You are viewing a plain text version of this content. The canonical link for it is here.
Posted to commits@arrow.apache.org by em...@apache.org on 2020/09/25 08:01:40 UTC
[arrow] branch decimal256 updated: Archery C++ round trip working.
Java disabled. Fix c-bridge (#8268)
This is an automated email from the ASF dual-hosted git repository.
emkornfield pushed a commit to branch decimal256
in repository https://gitbox.apache.org/repos/asf/arrow.git
The following commit(s) were added to refs/heads/decimal256 by this push:
new 50c956b Archery C++ round trip working. Java disabled. Fix c-bridge (#8268)
50c956b is described below
commit 50c956bce0f38566e79ff2b7318f3da3b837d917
Author: emkornfield <em...@gmail.com>
AuthorDate: Fri Sep 25 01:00:58 2020 -0700
Archery C++ round trip working. Java disabled. Fix c-bridge (#8268)

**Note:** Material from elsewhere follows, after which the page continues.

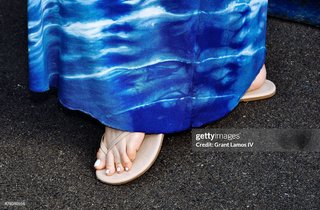 Fran Drescher feet photo thumbnail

Archery lint issue needs to be fixed, i'll do that in a follow-up
---
cpp/src/arrow/c/bridge.cc | 22 ++++++++++++++++++----
cpp/src/arrow/c/bridge_test.cc | 2 ++
cpp/src/arrow/ipc/metadata_internal.cc | 28 +++++++++++++++++++++-------
dev/archery/archery/integration/datagen.py | 19 ++++++++++++++-----
4 files changed, 55 insertions(+), 16 deletions(-)
diff --git a/cpp/src/arrow/c/bridge.cc b/cpp/src/arrow/c/bridge.cc
index 1585b50..b5af364 100644
--- a/cpp/src/arrow/c/bridge.cc
+++ b/cpp/src/arrow/c/bridge.cc
@@ -304,8 +304,15 @@ struct SchemaExporter {
}
Status Visit(const DecimalType& type) {
- return SetFormat("d:" + std::to_string(type.precision()) + "," +
- std::to_string(type.scale()));
+ if (type.bit_width() == 128) {
+ // 128 is the default bit-width
+ return SetFormat("d:" + std::to_string(type.precision()) + "," +
+ std::to_string(type.scale()));
+ } else {
+ return SetFormat("d:" + std::to_string(type.precision()) + "," +
+ std::to_string(type.scale()) + "," +
+ std::to_string(type.bit_width()));
+ }
}
Status Visit(const BinaryType& type) { return SetFormat("z"); }
@@ -972,13 +979,20 @@ struct SchemaImporter {
Status ProcessDecimal() {
RETURN_NOT_OK(f_parser_.CheckNext(':'));
ARROW_ASSIGN_OR_RAISE(auto prec_scale, f_parser_.ParseInts(f_parser_.Rest()));
- if (prec_scale.size() != 2) {
+ // 3 elements indicates bit width was communicated as well.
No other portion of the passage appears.